> _EXERCISE REQUIREMENTS_
Every entry is to be transcribed as it stands. Images stay out.

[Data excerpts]
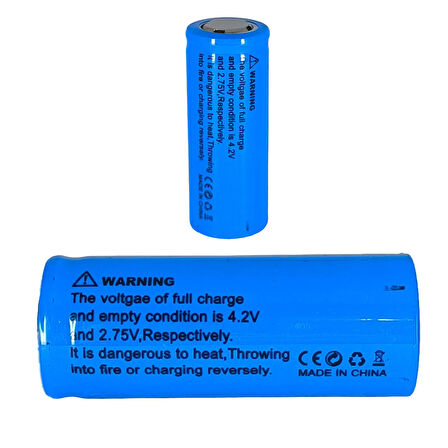 Hedyex 26650 Şarjlı Pil 8800mAh 4.2V Li-ion Pil Mavi 1Li Premium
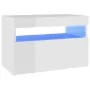Nightstand with LED glossy white plywood 60x35x40 cm by vidaXL, Nightstands - Ref: Foro24-3082786, Price: 48,51 €, Discount: %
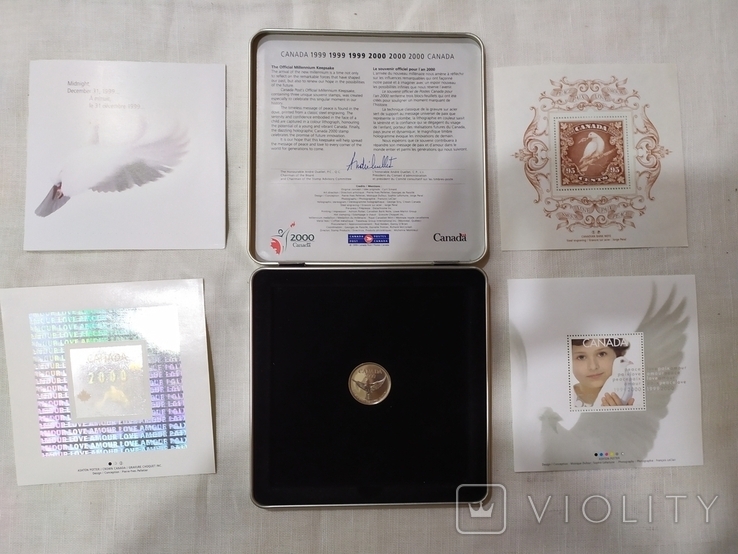 Набор памятных марок и монет Канадской почты 1999-2000 г на память о тысячелетии, фото №6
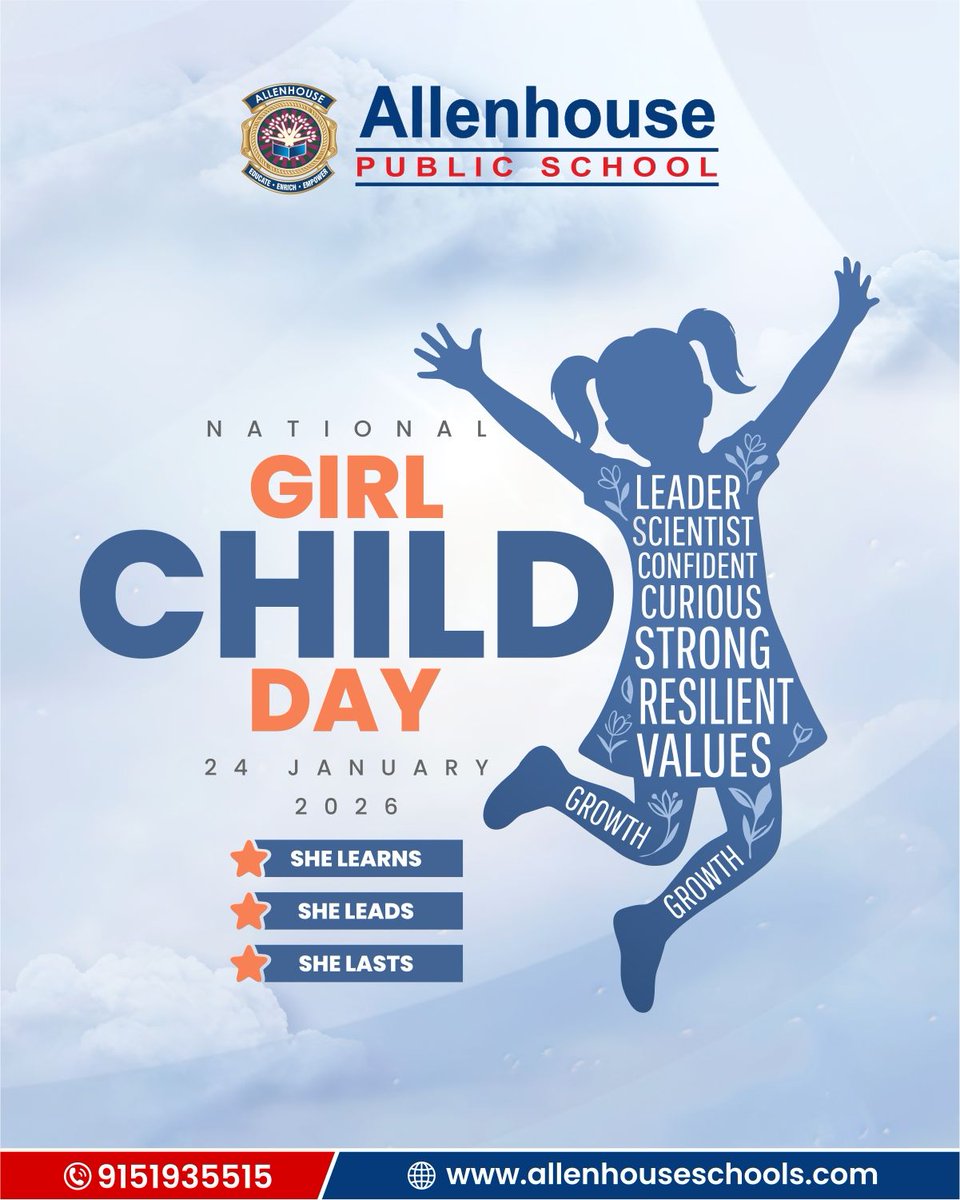 When a girl is educated, generations rise. 📷
From curiosity to confidence, from learning to leadership — every girl carries the power to transform the world.

#NationalGirlChildDay #GirlPower #StrongGirls #EducationForAll #AllenhousePublicSchool
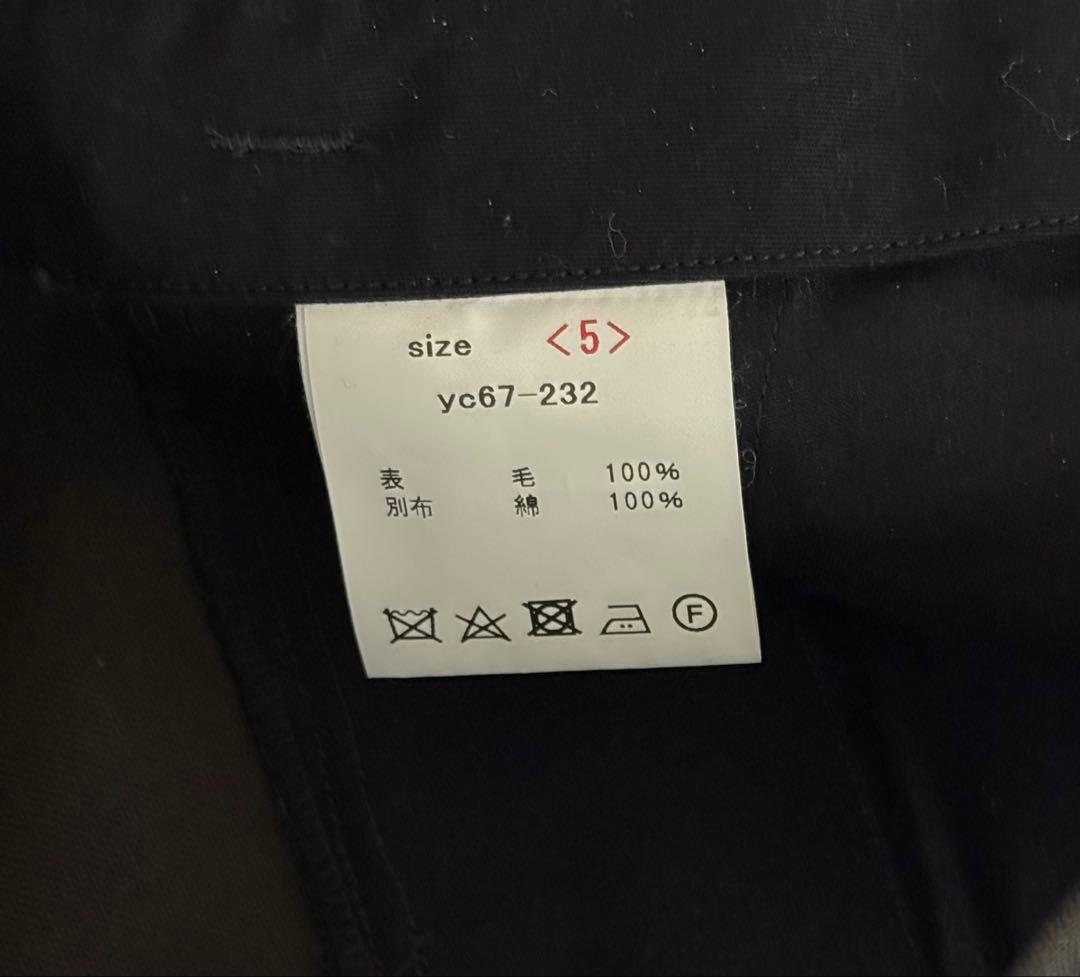 【美品】山内 ウールダブルクロス・⽴体切替パンツ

> _RESPONSE_
 Hedyex 26650 Şarjlı Pil 8800mAh 4.2V Li-ion Pil Mavi 1Li Premium
Nightstand with LED glossy white plywood 60x35x40 cm by vidaXL, Nightstands - Ref: Foro24-3082786, Price: 48,51 €, Discount: %
 Набор памятных марок и монет Канадской почты 1999-2000 г на память о тысячелетии, фото №6
 When a girl is educated, generations rise. 📷
From curiosity to confidence, from learning to leadership — every girl carries the power to transform the world.

#NationalGirlChildDay #GirlPower #StrongGirls #EducationForAll #AllenhousePublicSchool
 【美品】山内 ウールダブルクロス・⽴体切替パンツ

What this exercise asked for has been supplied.